D 29 novembre 2023     A par Albert Gauvin - C 2 messages Version imprimable de cet article Version imprimable    ................... PARTAGER . facebook




Paolo Giordano, Kourtney Roy, Reiner Stach et Kafka, Nicolas de Staël et... l’annonce (dans une discrète parenthèse) d’une nouvelle revue de littérature en préparation.

La lumière des disparus

Yannick Haenel

Mis en ligne le 1er novembre 2023
Paru dans l’édition 1632 du 31 octobre

« J’écris sur tout ce qui m’a fait pleurer » : c’est la dernière phrase de Tasmania, un roman de Paolo Giordano publié récemment aux éditions Le Bruit du monde, traduit de l’italien par Nathalie Bauer. Et voici la première phrase : « En novembre 2015, je me suis retrouvé à Paris pour assister à la conférence des Nations unies consacrée à l’urgence climatique. » (FEUILLETER LE LIVRE)

En lisant ces deux phrases, la dernière, puis la première, j’ai ressenti de l’enthousiasme. Si l’on n’est pas un peu, beaucoup, enthousiaste, ce n’est pas la peine de lire : l’enthousiasme, c’est le souffle du désir. Et le désir, c’est la matière ardente de la lecture. Vous le savez, je cherche la ferveur : c’est ma politique.

Ainsi, grâce à Tasmania, et à l’enthousiasme qu’il soulève en moi, ai-je enfin trouvé autre chose que l’insomnie. Ça fait trois semaines que l’état du monde nous arrache radicalement à notre propre vie, et peut-être faudrait-il qu’il en soit ainsi pour que nos existences soient réellement politiques et que nous changions le monde  ; mais l’impact des infamies nous réduit surtout à l’impuissance. Mes dernières chroniques ressassent et j’en suis désolé : quand on ne trouve plus les mots pour dire ce qui nous dépasse et résister à l’insaisissable, on ne dort plus.
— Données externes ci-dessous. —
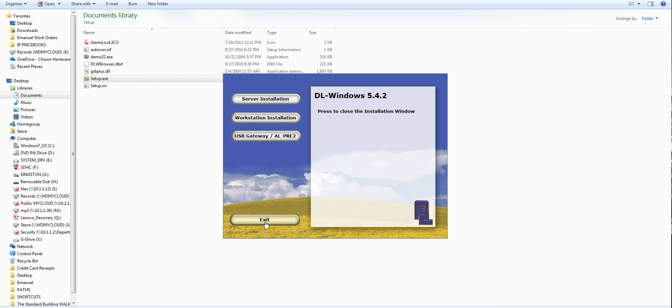So go ahead and install it and we'll go to the next video to show you what to do after that. Thanks for watching.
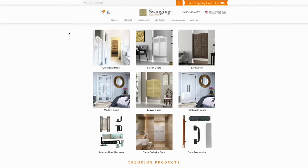Welcome to Swinging Cafe Doors, where we specialize in custom-made swinging doors. We offer a large selection of interior swinging doors called saloon doors or cafe doors. This video will cover how to order custom doors. Because this example is done using a desktop computer, your view may vary slightly.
J’ai donc lu ce livre, qui me donne du courage. C’est la vertu des bons romans : ils vous réveillent, clarifient votre esprit, vous font penser. Tasmania ne parle pas de ce qui m’empêche de dormir : la guerre en Ukraine, les massacres en Israël et à Gaza, le sort sacrificiel des professeurs exposés aux fous d’Allah  ; mais à travers la vie palpitante et labyrinthique d’un physicien devenu journaliste, il nous ouvre à ce tourbillon du monde qui, s’il est traversé avec des mots, ne relève plus du cauchemar de l’Histoire mais de l’aventure de l’esprit.

Les tribulations du narrateur entre l’Italie et la France, entre l’université et son couple, ses conversations avec l’extravagant Pr Novelli, spécialiste des nuages, et sa conscience tourmentée des menaces qui détruisent le monde (terrorisme islamiste, réchauffement climatique, pandémies, surveillance digitale et pouvoir des intelligences artificielles), composent une comédie intellectuelle et fantasque qui est celle de nos rapports avec le monde. Jusqu’où sommes-nous concernés  ? Ne sommes-nous pas devenus des rescapés de notre propre civilisation  ? Le dernier chapitre est une merveille d’émotion précise : le narrateur est à Hiroshima et Nagasaki pour son étude sur la bombe atomique. Il médite : « Est-il possible que la radiation conserve une mémoire de ce qu’elle a été  ? […] Se peut-il que les morts existent encore sous forme de radiation  ? »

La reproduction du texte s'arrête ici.